[Data excerpts]
+ + + +
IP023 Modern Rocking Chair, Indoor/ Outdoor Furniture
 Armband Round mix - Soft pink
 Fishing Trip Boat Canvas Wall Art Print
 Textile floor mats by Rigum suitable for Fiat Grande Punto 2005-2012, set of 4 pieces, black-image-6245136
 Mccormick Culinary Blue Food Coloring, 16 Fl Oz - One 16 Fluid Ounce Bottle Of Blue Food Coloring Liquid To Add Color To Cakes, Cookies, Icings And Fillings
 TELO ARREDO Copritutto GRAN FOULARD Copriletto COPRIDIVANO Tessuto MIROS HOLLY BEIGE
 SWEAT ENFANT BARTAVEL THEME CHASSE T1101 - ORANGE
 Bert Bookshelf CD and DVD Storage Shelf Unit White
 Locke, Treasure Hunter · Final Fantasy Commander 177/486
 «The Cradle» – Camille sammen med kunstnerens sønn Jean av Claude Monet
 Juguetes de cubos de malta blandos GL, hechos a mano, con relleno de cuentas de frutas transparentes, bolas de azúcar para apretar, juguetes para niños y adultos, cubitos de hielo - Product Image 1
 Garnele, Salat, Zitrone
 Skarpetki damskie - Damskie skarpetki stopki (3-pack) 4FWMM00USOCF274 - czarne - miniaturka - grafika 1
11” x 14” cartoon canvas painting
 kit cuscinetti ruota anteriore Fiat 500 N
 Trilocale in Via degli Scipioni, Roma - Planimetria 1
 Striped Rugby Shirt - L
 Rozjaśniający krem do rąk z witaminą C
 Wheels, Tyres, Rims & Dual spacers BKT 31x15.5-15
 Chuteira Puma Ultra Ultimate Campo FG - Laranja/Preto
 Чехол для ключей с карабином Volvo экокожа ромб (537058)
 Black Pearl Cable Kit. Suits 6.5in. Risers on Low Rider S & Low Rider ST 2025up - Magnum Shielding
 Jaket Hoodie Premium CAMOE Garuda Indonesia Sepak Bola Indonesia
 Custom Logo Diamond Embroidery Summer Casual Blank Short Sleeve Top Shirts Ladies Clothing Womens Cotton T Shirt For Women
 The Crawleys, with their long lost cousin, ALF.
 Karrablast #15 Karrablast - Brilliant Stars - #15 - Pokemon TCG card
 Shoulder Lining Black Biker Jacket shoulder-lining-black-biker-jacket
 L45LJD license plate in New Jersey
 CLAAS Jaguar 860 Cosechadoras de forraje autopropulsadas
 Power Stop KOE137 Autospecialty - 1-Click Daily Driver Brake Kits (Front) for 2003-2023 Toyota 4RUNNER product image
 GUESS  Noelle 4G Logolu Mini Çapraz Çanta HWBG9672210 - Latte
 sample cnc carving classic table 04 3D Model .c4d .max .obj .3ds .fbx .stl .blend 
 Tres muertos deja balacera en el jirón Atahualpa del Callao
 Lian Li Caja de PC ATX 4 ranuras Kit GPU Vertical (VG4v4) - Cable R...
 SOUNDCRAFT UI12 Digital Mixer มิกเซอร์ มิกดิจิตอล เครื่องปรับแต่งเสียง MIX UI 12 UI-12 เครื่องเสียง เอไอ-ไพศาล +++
+ + + +
**Task:**
All lines in the data that contain the word "Fiat" should be copied.

**Exercise response:**
 Textile floor mats by Rigum suitable for Fiat Grande Punto 2005-2012, set of 4 pieces, black-image-6245136
 kit cuscinetti ruota anteriore Fiat 500 N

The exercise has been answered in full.